## Assigned task
Nothing but the lines from the one containing "Đường biển có" to the end of the records below should be output, each exactly as written.

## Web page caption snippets
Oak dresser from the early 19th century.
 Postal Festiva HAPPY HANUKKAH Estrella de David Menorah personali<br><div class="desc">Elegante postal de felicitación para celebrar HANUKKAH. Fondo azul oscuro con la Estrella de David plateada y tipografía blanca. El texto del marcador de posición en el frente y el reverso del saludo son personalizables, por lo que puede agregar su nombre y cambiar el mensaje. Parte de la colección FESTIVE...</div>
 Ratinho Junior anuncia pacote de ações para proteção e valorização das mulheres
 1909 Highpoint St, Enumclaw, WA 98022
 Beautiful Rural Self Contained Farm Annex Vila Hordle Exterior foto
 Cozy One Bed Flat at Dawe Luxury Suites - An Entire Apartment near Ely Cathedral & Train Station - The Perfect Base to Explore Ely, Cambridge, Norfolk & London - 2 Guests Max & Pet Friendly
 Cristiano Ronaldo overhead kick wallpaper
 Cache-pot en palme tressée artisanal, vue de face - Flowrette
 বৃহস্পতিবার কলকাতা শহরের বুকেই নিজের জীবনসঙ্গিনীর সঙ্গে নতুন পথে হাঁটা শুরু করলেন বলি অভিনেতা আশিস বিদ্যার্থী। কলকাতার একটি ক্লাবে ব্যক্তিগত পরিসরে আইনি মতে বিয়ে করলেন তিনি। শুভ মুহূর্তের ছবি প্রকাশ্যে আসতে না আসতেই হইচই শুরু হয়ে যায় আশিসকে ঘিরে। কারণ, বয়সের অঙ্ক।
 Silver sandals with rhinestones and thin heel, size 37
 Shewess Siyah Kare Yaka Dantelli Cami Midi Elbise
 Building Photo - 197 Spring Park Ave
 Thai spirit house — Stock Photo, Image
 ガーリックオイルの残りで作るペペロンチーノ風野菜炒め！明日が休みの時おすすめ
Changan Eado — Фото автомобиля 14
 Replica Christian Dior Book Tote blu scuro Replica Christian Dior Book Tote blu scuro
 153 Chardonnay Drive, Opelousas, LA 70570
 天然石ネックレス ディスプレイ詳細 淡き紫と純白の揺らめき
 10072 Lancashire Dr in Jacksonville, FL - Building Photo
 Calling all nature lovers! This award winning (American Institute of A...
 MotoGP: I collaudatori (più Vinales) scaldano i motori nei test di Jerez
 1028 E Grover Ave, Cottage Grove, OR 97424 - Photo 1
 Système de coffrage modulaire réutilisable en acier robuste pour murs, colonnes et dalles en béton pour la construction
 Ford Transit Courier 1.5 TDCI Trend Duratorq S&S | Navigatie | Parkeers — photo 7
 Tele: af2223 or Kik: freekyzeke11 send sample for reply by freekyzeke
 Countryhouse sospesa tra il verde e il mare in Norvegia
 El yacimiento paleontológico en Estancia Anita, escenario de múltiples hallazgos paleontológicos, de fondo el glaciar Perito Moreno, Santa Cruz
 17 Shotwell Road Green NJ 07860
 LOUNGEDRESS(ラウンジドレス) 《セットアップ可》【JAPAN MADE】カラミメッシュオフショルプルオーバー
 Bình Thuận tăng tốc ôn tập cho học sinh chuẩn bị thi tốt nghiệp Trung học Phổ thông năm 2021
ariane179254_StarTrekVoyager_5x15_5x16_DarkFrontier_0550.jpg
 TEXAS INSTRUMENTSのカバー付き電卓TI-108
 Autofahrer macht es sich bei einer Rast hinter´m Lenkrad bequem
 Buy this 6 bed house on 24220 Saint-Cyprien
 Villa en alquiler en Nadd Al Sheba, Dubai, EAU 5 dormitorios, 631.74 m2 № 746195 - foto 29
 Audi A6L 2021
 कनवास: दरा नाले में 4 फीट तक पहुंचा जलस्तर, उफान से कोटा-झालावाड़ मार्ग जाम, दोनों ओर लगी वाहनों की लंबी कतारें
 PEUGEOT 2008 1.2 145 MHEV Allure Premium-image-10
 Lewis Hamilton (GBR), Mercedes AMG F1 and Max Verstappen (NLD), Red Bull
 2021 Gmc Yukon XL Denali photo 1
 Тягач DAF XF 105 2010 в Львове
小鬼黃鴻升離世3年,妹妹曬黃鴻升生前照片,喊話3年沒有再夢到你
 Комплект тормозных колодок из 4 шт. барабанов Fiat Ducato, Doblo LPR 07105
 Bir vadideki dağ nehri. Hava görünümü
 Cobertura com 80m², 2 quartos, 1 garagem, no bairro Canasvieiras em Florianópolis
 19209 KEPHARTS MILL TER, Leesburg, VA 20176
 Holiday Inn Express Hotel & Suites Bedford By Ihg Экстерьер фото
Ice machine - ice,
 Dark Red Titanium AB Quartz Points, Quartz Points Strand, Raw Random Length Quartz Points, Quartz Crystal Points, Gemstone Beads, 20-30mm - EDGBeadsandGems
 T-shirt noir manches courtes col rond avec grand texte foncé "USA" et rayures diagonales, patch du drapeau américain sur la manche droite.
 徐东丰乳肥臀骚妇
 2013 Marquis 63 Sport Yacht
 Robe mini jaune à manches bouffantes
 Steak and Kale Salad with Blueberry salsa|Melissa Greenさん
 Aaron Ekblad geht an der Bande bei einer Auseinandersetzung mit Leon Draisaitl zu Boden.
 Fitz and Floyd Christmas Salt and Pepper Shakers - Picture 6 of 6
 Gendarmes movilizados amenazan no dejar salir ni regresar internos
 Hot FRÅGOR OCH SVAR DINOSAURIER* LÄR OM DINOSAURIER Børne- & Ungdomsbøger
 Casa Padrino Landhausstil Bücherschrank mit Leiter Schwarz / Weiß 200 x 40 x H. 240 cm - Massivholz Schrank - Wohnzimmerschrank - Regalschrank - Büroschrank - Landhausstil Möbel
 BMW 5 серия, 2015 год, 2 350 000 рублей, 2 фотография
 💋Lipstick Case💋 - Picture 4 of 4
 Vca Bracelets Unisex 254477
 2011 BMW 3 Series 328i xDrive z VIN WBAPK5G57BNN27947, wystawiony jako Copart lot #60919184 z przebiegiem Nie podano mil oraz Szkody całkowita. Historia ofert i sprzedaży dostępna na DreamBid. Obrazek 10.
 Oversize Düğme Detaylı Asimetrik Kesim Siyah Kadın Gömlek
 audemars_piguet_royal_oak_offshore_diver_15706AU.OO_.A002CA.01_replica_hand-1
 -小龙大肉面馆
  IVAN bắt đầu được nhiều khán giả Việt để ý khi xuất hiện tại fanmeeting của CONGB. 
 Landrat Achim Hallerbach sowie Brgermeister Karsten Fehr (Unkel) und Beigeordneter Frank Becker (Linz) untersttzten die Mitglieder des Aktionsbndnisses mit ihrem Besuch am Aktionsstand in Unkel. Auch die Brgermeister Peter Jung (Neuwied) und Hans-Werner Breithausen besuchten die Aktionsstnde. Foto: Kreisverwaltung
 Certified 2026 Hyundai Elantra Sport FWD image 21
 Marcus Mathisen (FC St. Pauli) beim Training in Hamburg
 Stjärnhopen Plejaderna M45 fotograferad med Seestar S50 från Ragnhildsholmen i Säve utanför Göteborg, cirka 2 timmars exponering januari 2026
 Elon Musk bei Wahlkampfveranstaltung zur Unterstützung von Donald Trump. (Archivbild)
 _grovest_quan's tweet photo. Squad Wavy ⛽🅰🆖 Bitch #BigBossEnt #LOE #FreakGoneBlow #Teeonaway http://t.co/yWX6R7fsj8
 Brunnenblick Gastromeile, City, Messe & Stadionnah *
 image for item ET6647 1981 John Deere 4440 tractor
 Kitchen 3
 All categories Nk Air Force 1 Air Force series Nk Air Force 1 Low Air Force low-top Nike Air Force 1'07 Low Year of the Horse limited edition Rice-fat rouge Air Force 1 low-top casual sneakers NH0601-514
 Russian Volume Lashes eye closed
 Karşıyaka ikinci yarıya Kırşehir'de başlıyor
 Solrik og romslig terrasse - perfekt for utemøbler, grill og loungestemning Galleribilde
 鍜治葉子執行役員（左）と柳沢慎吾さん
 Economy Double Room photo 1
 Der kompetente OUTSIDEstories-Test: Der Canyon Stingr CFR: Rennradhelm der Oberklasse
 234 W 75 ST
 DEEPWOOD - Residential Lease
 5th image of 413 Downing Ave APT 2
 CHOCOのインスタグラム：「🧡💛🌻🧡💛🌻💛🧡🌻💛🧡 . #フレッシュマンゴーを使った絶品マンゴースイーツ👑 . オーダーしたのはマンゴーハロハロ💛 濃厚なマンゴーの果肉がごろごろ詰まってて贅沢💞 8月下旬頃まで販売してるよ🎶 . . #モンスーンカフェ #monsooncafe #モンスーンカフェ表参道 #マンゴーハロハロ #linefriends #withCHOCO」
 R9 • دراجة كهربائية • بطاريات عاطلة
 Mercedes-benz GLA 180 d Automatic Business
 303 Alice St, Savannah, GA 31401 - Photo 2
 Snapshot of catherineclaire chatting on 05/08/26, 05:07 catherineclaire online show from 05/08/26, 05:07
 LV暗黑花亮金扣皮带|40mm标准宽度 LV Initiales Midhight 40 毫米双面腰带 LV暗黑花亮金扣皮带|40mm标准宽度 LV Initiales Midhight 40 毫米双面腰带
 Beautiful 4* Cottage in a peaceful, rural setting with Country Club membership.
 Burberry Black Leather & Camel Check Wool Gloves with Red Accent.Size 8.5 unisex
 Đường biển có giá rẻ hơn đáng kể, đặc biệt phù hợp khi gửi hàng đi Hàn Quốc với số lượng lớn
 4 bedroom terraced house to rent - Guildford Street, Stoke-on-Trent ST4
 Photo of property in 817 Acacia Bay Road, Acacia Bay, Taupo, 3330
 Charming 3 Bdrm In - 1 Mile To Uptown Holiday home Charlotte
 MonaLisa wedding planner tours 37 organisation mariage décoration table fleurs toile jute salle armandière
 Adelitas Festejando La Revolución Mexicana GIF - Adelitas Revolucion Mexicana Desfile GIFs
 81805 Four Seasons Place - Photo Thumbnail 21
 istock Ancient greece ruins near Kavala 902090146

## Answer to the exercise
 Đường biển có giá rẻ hơn đáng kể, đặc biệt phù hợp khi gửi hàng đi Hàn Quốc với số lượng lớn
 4 bedroom terraced house to rent - Guildford Street, Stoke-on-Trent ST4
 Photo of property in 817 Acacia Bay Road, Acacia Bay, Taupo, 3330
 Charming 3 Bdrm In - 1 Mile To Uptown Holiday home Charlotte
 MonaLisa wedding planner tours 37 organisation mariage décoration table fleurs toile jute salle armandière
 Adelitas Festejando La Revolución Mexicana GIF - Adelitas Revolucion Mexicana Desfile GIFs
 81805 Four Seasons Place - Photo Thumbnail 21
 istock Ancient greece ruins near Kavala 902090146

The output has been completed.